--- TASK INPUTS ---
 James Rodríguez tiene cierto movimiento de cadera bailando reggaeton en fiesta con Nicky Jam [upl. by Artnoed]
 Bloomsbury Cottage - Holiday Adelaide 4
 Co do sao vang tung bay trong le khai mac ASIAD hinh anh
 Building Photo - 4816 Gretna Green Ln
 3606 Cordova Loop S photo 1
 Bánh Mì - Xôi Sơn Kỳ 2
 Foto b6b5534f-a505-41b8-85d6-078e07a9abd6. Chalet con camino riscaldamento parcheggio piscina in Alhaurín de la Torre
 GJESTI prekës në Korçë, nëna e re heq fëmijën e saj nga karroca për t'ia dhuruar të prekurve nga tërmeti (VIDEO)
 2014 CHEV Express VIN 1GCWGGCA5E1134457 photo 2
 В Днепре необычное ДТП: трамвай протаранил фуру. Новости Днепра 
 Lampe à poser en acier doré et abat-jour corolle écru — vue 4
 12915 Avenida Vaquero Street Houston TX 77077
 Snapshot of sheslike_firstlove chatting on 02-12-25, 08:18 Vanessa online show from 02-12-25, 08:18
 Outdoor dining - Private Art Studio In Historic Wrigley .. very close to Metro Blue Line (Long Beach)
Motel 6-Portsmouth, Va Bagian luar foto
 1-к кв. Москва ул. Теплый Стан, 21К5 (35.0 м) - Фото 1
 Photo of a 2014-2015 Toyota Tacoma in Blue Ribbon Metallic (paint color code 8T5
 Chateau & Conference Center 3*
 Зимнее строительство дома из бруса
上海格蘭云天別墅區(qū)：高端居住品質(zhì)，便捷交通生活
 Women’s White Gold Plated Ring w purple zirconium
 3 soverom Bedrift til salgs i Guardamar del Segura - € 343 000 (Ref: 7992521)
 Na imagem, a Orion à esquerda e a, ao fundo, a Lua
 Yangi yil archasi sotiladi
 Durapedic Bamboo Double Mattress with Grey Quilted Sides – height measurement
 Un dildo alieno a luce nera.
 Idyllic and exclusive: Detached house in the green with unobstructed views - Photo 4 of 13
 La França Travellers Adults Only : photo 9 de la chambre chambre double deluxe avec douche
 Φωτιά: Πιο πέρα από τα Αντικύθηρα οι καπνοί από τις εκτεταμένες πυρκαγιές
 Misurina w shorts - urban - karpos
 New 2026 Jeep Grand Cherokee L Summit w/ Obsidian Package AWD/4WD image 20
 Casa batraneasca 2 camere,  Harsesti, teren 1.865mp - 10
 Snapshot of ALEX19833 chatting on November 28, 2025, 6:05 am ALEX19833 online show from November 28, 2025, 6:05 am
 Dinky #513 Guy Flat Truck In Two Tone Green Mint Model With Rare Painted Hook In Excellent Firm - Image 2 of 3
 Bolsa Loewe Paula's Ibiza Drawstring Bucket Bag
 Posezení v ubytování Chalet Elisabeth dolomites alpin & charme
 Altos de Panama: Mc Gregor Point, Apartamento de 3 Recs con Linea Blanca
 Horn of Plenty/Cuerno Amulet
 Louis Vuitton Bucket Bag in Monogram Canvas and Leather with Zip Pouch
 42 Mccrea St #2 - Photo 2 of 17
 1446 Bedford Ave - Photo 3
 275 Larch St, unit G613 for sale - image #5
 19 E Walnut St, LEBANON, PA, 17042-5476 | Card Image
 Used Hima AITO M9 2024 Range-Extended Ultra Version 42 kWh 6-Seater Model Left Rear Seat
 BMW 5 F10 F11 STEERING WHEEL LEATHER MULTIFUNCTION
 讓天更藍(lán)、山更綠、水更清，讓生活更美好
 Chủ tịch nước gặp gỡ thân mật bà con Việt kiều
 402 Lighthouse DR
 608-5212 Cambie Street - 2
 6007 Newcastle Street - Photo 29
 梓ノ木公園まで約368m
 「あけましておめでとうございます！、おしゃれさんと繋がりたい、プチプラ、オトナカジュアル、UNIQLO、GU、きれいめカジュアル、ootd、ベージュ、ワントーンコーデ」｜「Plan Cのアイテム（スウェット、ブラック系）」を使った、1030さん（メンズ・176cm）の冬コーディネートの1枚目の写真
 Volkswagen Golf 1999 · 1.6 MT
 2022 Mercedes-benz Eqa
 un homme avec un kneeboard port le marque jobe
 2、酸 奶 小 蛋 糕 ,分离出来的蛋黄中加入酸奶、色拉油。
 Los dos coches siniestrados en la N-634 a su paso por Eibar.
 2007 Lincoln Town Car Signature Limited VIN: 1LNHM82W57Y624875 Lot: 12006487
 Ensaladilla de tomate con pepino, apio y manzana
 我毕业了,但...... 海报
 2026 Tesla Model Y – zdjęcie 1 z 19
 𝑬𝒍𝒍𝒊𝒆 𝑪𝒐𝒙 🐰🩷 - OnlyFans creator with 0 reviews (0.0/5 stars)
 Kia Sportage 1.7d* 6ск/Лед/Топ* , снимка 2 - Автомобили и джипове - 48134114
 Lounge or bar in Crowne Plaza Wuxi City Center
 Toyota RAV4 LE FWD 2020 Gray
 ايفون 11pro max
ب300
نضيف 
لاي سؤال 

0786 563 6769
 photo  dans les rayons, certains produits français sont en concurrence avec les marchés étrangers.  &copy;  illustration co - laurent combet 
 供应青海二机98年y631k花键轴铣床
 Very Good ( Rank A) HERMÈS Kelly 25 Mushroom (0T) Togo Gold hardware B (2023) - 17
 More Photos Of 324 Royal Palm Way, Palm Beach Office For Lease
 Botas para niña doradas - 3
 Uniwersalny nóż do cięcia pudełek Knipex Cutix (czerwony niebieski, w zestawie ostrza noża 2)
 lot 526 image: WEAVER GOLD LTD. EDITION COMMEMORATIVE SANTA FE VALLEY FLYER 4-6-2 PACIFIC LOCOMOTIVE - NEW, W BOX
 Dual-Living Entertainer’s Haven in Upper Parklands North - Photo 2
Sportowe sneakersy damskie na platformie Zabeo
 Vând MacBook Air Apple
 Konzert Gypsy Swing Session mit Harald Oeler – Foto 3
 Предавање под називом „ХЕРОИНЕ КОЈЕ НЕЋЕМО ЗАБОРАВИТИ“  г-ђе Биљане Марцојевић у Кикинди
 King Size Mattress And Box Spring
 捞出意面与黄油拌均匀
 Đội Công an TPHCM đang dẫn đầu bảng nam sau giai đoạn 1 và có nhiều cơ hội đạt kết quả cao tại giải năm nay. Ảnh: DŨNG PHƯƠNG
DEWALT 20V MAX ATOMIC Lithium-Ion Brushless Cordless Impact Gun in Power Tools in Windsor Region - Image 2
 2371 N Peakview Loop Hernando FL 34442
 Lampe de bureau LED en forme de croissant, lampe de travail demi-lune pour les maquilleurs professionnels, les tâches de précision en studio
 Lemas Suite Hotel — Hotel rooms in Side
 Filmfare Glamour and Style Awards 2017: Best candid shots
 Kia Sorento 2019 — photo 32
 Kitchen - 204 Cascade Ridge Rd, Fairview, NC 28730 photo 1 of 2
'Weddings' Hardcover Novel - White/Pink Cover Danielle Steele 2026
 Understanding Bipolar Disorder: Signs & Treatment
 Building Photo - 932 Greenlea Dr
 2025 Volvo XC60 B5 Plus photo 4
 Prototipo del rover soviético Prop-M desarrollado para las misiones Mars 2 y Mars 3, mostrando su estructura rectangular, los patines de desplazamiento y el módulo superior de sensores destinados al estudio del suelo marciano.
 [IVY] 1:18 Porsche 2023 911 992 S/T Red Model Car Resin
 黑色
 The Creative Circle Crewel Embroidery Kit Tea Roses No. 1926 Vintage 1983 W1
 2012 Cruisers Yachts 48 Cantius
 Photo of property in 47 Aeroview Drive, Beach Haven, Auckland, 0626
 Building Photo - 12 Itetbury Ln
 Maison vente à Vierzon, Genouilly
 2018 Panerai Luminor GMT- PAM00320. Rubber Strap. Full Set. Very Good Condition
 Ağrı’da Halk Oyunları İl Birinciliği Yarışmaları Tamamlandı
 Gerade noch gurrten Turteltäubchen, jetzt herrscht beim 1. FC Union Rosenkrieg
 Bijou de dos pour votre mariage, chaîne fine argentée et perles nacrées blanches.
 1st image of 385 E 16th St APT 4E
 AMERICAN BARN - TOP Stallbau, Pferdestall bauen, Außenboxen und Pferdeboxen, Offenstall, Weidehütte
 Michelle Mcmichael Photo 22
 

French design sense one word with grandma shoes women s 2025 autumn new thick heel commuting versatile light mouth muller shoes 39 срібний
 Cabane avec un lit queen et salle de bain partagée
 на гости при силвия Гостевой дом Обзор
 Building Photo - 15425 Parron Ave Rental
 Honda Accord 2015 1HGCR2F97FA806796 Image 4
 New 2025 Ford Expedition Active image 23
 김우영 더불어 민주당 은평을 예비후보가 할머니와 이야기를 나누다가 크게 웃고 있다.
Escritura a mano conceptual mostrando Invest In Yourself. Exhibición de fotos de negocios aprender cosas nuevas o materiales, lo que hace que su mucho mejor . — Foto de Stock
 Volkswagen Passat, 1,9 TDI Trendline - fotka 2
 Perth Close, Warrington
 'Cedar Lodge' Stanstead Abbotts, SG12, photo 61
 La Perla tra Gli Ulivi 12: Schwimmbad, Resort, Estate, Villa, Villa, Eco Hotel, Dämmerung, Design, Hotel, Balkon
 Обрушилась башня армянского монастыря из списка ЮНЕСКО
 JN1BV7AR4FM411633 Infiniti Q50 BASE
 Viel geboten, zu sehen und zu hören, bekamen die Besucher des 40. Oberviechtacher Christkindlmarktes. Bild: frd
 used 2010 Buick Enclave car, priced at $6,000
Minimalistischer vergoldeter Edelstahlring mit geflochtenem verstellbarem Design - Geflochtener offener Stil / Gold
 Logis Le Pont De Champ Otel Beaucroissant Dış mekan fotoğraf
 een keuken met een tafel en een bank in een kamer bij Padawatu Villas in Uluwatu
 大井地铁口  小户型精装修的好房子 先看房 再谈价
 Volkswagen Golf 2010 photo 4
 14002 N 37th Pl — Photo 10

--- EXERCISE ---
Reproduce the records above line by line, without any change, up to and including the line that holds "Bánh Mì - Xôi Sơn Kỳ 2".

--- EXERCISE RESULT ---
 James Rodríguez tiene cierto movimiento de cadera bailando reggaeton en fiesta con Nicky Jam [upl. by Artnoed]
 Bloomsbury Cottage - Holiday Adelaide 4
 Co do sao vang tung bay trong le khai mac ASIAD hinh anh
 Building Photo - 4816 Gretna Green Ln
 3606 Cordova Loop S photo 1
 Bánh Mì - Xôi Sơn Kỳ 2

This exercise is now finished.